So, brothers and sisters, if this bread is more than bread; if it’s more than really good bread, then what else could ἐπιούσιον be other than the Bread of life, the Body of Christ, of which Christ Himself has this to say:


I am the bread of life…Truly, truly, I say to you, unless you eat the flesh of the Son of man and drink his blood, you have no life in you; he who eats my flesh and drinks my blood has eternal life, and I will raise him up at the last day.

And if indeed the Mass is a foretaste of the heavenly and eternal banquet, which I certainly believe it is, then what else could this “bread” really be? And if we truly receive the Body of Christ at each and every Mass, then how much more joyful is our life surely to be?!?

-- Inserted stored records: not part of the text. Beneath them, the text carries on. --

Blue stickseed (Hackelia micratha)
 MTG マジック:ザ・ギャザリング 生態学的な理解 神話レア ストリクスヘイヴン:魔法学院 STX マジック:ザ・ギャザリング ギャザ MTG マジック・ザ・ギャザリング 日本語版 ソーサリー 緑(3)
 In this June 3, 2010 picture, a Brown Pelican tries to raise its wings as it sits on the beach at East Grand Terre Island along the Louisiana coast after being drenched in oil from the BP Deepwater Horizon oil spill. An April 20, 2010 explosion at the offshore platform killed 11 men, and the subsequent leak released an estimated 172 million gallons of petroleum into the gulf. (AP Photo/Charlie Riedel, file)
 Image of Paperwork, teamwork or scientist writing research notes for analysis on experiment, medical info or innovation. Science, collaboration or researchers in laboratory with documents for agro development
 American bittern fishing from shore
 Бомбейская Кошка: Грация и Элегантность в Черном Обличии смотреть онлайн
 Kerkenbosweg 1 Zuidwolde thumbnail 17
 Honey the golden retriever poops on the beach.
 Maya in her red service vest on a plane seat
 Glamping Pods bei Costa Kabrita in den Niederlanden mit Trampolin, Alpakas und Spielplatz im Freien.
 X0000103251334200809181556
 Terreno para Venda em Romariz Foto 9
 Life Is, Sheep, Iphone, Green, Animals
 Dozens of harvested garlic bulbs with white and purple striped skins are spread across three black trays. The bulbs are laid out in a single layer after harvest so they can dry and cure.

Finally, let me leave you pondering the words of St. Peter Chrysologus, who wrote:


The Father in heaven urges us, as children of heaven, to ask for the bread of heaven. Christ himself is the bread who, sown in the Virgin, raised up in the flesh, kneaded in the Passion, baked in the oven of the tomb, reserved in the churches, brought to the altars, furnishes the faithful each day with food from heaven.


I hope henceforth when you pray the Lords’ Prayer you’ll ponder what you’re requesting, for you’re asking for none other than the Bread of Life, Christ Jesus Himself, who will on the last day raise us up so that we should never perish but have everlasting life.

Peace be upon you all, brothers and sisters in the faith.